2. Add the tracking endpoint
Create packages/api/src/routes/analytics.ts. This is a public endpoint (no auth required -- it tracks anonymous page views):
import { OpenAPIHono, createRoute, z } from '@hono/zod-openapi';
import { pageView } from '../db/schema';
import { createHash } from 'crypto';
import type { AppEnv } from '../types';
import { getDb } from './helpers';
const trackPageViewRoute = createRoute({
method: 'post',
path: '/pageview',
tags: ['Analytics'],
request: {
body: {
content: {
'application/json': {
schema: z.object({
path: z.string().max(500),
pageTitle: z.string().max(200).optional(),
referrer: z.string().max(500).optional(),
utmSource: z.string().max(100).optional(),
utmMedium: z.string().max(100).optional(),
utmCampaign: z.string().max(200).optional(),
screenWidth: z.enum(['sm', 'md', 'lg', 'xl']).optional(),
language: z.string().max(10).optional(),
}),
},
},
},
},
responses: {
202: {
content: { 'application/json': { schema: z.object({ ok: z.boolean() }) } },
description: 'Page view recorded',
},
400: {
content: { 'application/json': { schema: z.object({ error: z.string() }) } },
description: 'Invalid request',
},
},
});
export const analyticsRoutes = new OpenAPIHono<AppEnv>()
.openapi(trackPageViewRoute, async (c) => {
const db = getDb(c);
const body = c.req.valid('json');
const ip = c.req.header('x-forwarded-for') || 'unknown';
const ua = c.req.header('user-agent') || '';
const today = new Date().toISOString().split('T')[0];
// One-way hash for daily unique visitor approximation
const sessionHash = createHash('sha256')
.update(`${ip}:${ua}:${today}`)
.digest('hex')
.slice(0, 16);
// Parse User-Agent for browser/OS/device (simple regex, no library needed)
const browser = parseBrowser(ua);
const os = parseOS(ua);
const device = parseDevice(ua);
await db.insert(pageView).values({
path: body.path,
pageTitle: body.pageTitle || null,
referrer: body.referrer || null,
utmSource: body.utmSource || null,
utmMedium: body.utmMedium || null,
utmCampaign: body.utmCampaign || null,
browser,
os,
device,
screenWidth: body.screenWidth || null,
language: body.language || null,
sessionHash,
});
return c.json({ ok: true }, 202);
});Register it in packages/api/src/routes/index.ts:
import { analyticsRoutes } from './analytics';
export const routes = new OpenAPIHono<AppEnv>()
.route('/', healthRoutes)
.route('/users', userRoutes)
.route('/admin', adminRoutes)
.route('/notes', noteRoutes)
.route('/comments', commentRoutes)
.route('/analytics', analyticsRoutes); // <-- add thisThe User-Agent parsing functions (parseBrowser, parseOS, parseDevice) can be simple regex-based -- no need for a library.
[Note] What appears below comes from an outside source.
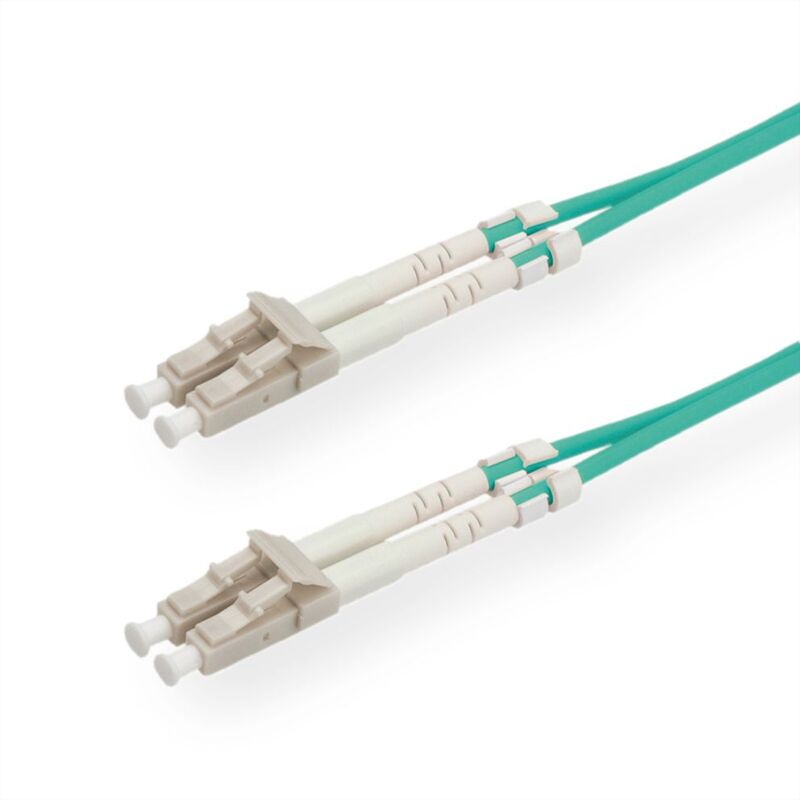 CABLE FIBRA OPTICA 3 M. FO 50/125µm, OM3, LC/LC, TURQUESA STANDARD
A ~30 line utility covers the common cases (Chrome, Firefox, Safari, Edge, mobile vs desktop).
3. Add admin query endpoints
Add analytics query routes to packages/api/src/routes/admin.ts. These use the existing requireAuth and requireAdmin middleware already in that file. Add Zod schemas to packages/shared/src/schemas/ (a new analytics.ts file alongside the existing admin.ts, note.ts, etc.).
// GET /api/admin/analytics/summary?days=30
// Returns: { totalViews, uniqueVisitors, topPages, topReferrers, topCampaigns, browsers, devices, screenWidths, languages }
// GET /api/admin/analytics/timeseries?days=30
// Returns: [{ date, views, visitors }, ...]SQL aggregations:
-- Page views per day
SELECT DATE(created_at) as date, COUNT(*) as views, COUNT(DISTINCT session_hash) as visitors
FROM page_view
WHERE created_at > NOW() - INTERVAL '30 days'
GROUP BY DATE(created_at)
ORDER BY date;
-- Top pages (with human-readable titles)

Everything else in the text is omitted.